April 29th, 2011
|03:13 am - Musings On A Surprising Revelation About Myself|
Yesterday, I was talking with Becca about an incident that happened to me 11 or 12 years ago, and realized that I hadn't mentioned it to anyone who didn't know me back then. I was walking up to see my friends Aaron and Daire, and was standing on the corner about to walk down their street. I had previously noticed that the house across the street from that corner had several Rottweilers that were mostly kept indoors. The house didn't have a fenced yard, and so I had only seen the dogs looking out through windows, on leashes, or (as was the case on that day) looking out through a screen door that had some sort of gate, so that the bottom half was closed, but the top half was open.
I thought nothing of this, until a short, skinny, and remarkably meek-looking individual walked by that house and all three dogs bounded out over the gate and surrounded him.

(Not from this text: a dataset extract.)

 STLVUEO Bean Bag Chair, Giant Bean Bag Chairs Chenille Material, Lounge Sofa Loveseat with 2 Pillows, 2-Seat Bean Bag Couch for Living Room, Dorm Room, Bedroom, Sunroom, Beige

His eyes got very large and he froze, clearly looking really terrified. Then, around 5 or 6 seconds later the dogs' owner came out and yelled at the dogs to get inside, which they cheerfully did – at this point it was clear that none of the three dogs were at all aggressive and the worst fate the guy they surrounded might have faced was an overly fierce licking.
However, the surprising part was what I did – by the time the owner came out, I had grabbed a real-estate sign, was holding it in both hands, and was literally on the verge of rushing across the street to try to drive off the dogs – I already had one foot on the street. Absolutely no thought had gone into this decision. Neither of the two people across the street noticed me. I stood there for a moment and considered what I had been doing - upon examination the sign consisted of cardboard stapled to a thin board about the width and thickness of a wooden ruler, making it a very dubious weapon, but also well better than nothing.
I was very pleased that my instincts had been to grab a weapon and was fairly surprised that my instinct was to almost instantly rush to a complete stranger's defense. I definitely don't think of myself as that sort of person, but this is the only incident where I've been put in a position like that, and I most definitely am. I like to think that if the risk was substantially greater – instead of dogs there was a person with a gun or a house completely engulfed in flames, that I would not put my life seriously at risk in an unthinking attempt at heroism.
In any case, that's one of the few moments in my life where my reactions genuinely surprised me. I know that I enjoy helping people I care about and in a mild crisis, like a car overheating or an overturned canoe in relatively shallow, but very cold water, I react well, especially if there is someone I care about who is dealing with the situation less well. However, I rarely interact with strangers in anything but fairly formalized circumstances, like dealing with clerks in a shop, but I definitely have the impulse to help others. Alice was a bit surprised about this incident, and Becca's comment to her about this and about me was perhaps quite accurate "John says he only really concerns himself with people he knows and cares about, but it looks more like he only really concerns himself with people he cares about and people who he can immediately see." []
So, what unexpected revelations have any of you learned about yourselves?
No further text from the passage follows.